Data Ingestion#

In Ragrank you can add data in multiple ways. 2 types of data is there.

DataNode: Contain single data point.

from ragrank.dataset import DataNode

example_datanode = DataNode(
    question="What is the tallest mountain in the world?",
    context=[
        "Mount Everest is the tallest mountain above sea level.", 
        "It is located in the Himalayas.",
        ],
    response="The tallest mountain in the world is Mount Everest."
)

Dataset: Contain multiple data points.

from ragrank.dataset import Dataset

example_dataset = Dataset(
    question=[
        "What is the tallest mountain in the world?",
        "Who wrote the Harry Potter series?",
    ],
    context=[
        [
            "Mount Everest is the tallest mountain above sea level.",
            "It is located in the Himalayas.",
        ],
        [
            "J.K. Rowling wrote the Harry Potter series.",
            "The series became extremely popular worldwide.",
        ],
    ],
    response=[
        "The tallest mountain in the world is Mount Everest.",
        "The Harry Potter series was written by J.K. Rowling.",
    ]
)

Column Map#

In a datapoint, there should If your data columns have different names you can use Column Map

from ragrank.dataset import from_csv, ColumnMap

example_datanode = {
    "question": "What is the largest mammal on Earth?",
    "context": [
        "The blue whale holds the title of the largest mammal.",
        "It is a marine mammal found in oceans around the world.",
    ],
    "response": "The largest mammal on Earth is the blue whale.",
}

data = from_csv(
    example_datanode,
    column_map=ColumnMap(
        question="query", context="related_context", response="answer"
    ),
)

In all reader methods, you can use ColumnMap to map columns.

Caution

Internally, the data object is saving the data in the question, context, and response fields. After reading the data, the previous field names are not preserved. You can’t access the data with the previous field names either.

Data Readers#

There are multiple data readers availble in Ragrank.

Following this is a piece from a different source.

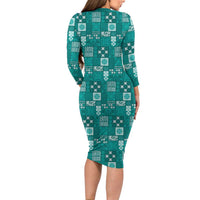 Vintage Hawaiian Quilting Patterns Long Sleeve Bodycon Dress Turquoise Style Tribal Fabric Patchwork - Polynesian Pride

from_dict: ingest data from a dict. Will convert DataNode and Dataset according to the type of data.

from ragrank.dataset import from_dict

data = from_dict(
    {
        "question": "What is the largest mammal on Earth?",
        "context": [
            "The blue whale holds the title of the largest mammal.",
            "It is a marine mammal found in oceans around the world.",
        ],
        "response": "The largest mammal on Earth is the blue whale.",
    },
    return_as_dataset=False, 
    column_map=None # specify if any
)

from_csv: ingesting data from csv file

from ragrank.dataset import from_csv

data = from_csv(
    path="data.csv", 
    column_map=None, # specify if any
)

from_dataframe: Ingesting data from Pandas DataFrame.

from ragrank.dataset import from_dataframe
from pandas import DataFrame

dataframe = DataFrame(
    {
        "question": "What is the largest mammal on Earth?",
        "context": [
            "The blue whale holds the title of the largest mammal.",
            "It is a marine mammal found in oceans around the world.",
        ],
        "response": "The largest mammal on Earth is the blue whale.",
    }
)

data = from_dataframe(
    data=dataframe,
    column_map=None # specify if any
)

from_hfdataset: Ingesting data from Huggingface datasets

from ragrank.dataset import from_hfdataset

data = from_hfdataset(
    url="izammohammed/engineering_qa", 
    split="train", 
    column_map=None # specify if any
)